でも、たまには視聴者から「ジョーさんですよね」と声をかけてもらえるかもしれない。すると僕は、「あ、そうです!一緒に写真を撮ってあげましょうか?」と積極的にファンサービスを振る舞おうと頑張るだろうが、それが裏目に出て、「いや、別にファンじゃないので」とせっかく話しかけてくれた人にそそくさ逃げ出されてしまいそうである。

でも、友人と食事をしてると、「ジョーさん、いつも見てます!」と隣の席に座ってるファンから応援の言葉をもらえるかもしれない。すると僕は、ファンを喜ばせねばと友達をほったらかして隣のテーブルに移動しては、腕時計を見せびらかした飛行機事故の話をしまくるだろうが、実はそのファンは小室圭が所属している法律事務所の話にしか関心がなく、どうでもいい話に飽き飽きして僕のファンであることを辞めてしまいそうである。
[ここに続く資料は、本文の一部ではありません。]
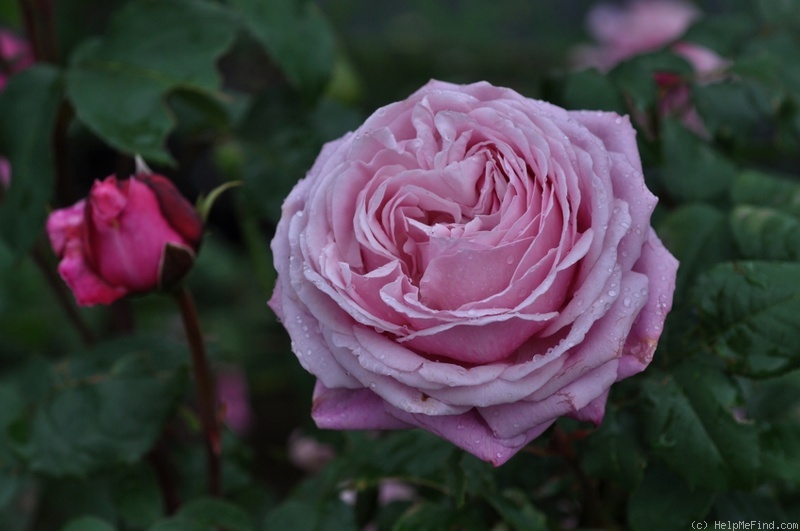 'Dieter Muller' rose photo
でも、稀ながら「ジョーさん、サインをください!」と頼んでくる本当のファンが現れるかもしれない。すると僕は、待ってましたとばかりに「人生いろいろ、将棋もいろいろ」と書いた色紙をプレゼントするだろうが、そのファンはせっかく毎日練習に励んで作り上げた僕のサインを「こんな汚い字ならいりません」と突き返してしまいそうである。

でも、1人くらいは、「誰がなんと言おうと、私はジョーさんの大ファンです」と追っかけになってくれるかもしれない。すると僕は、どこに行ってもそのファンを探してはいつも以上にカッコつけるだろうが、1日でも姿を見つけられないと、「先日はどうしたん?なんで僕のことを追っかけてなかったの?」と反対に僕がファンにつきまとってしまいそうである。

このように僕は、せっかく有名人になれても、なんかいろいろずれたまま、林遣都のようにはなれない気がする。